Financial services firms remain focussed on increased levels of IT investment in order to increase efficiency and manage their operational cost base. Despite this, they keep increasing their headcount, generally to support their growth plans and ongoing regulatory compliance efforts.
Continued investment in IT systems and applications also supports their growth plans which are focussed around selling existing products to new customers or cross-selling to existing ones rather than launching new products to the market. They are also increasingly looking toward strategic alliances to help in acquiring new customers.
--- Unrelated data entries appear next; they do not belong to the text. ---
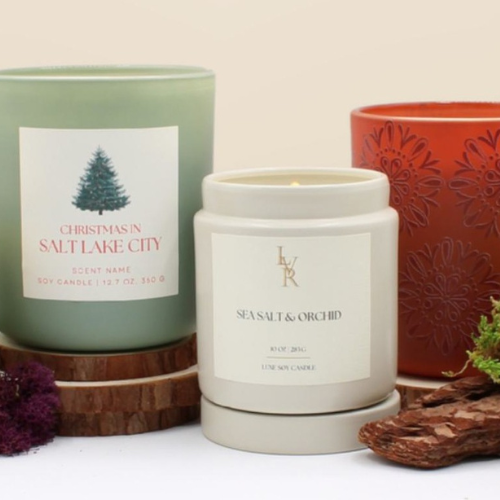 Trio of decorative soy candles in jars labeled with scents like “Christmas in Salt Lake City” and “Sea Salt & Orchid,” arranged with wood slices and natural elements like bark and moss.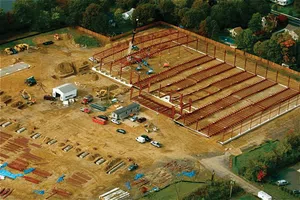 Aerial view of a construction site with steel framework being erected and various equipment scattered around.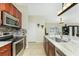 Updated kitchen features stainless steel appliances and sleek countertops and tile backsplash at 4529 Enid Ln, North Port, FL 34288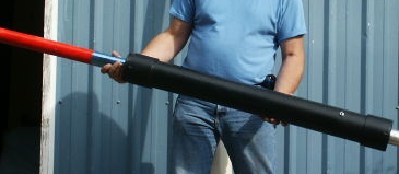 A coaxial cannon has the chamber wrapped around the barrel with the valve at the breech.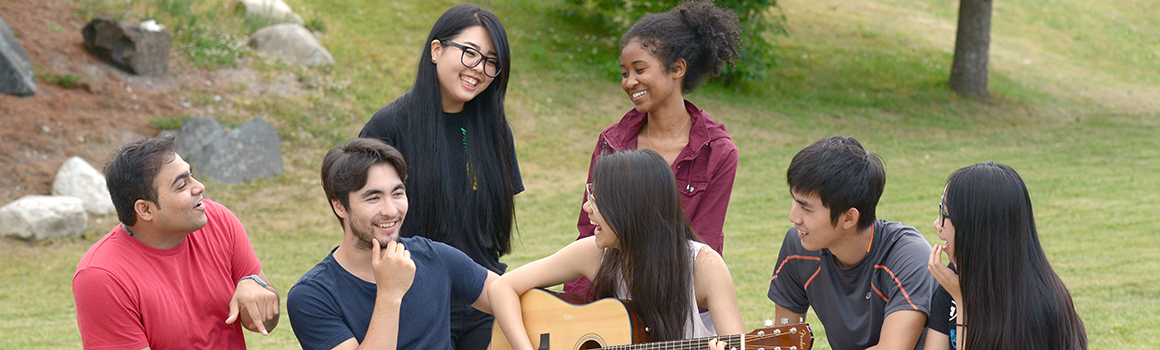 group of students sitting outside with guitar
Firms expect regulatory spending to continue to increase over the next 12 months and is currently marked as their most important barrier to growth. Reflecting on GDPR, 67% of financial services firms feel confident and 29% very confident about meeting the practical demands of the regulation, which captures the significant time and investment companies have made.
Brexit continues to drive uncertainty in the market. The announcement of a 21-month post-Brexit agreement has had a mixed response with just over half of those asked (53%) expecting it to reduce general economic uncertainty for the year ahead (versus 37% who disagreed). However, only one in ten firms (12%) felt the announcement has increased their confidence to invest in the UK (people, technology, etc).
Regarding their contingency plans, although a majority of firms believe that the transition agreement allows more time for implementation, they don’t believe that it has a fundamental impact on their plans as they need to prudently plan on the expectation of a hard Brexit.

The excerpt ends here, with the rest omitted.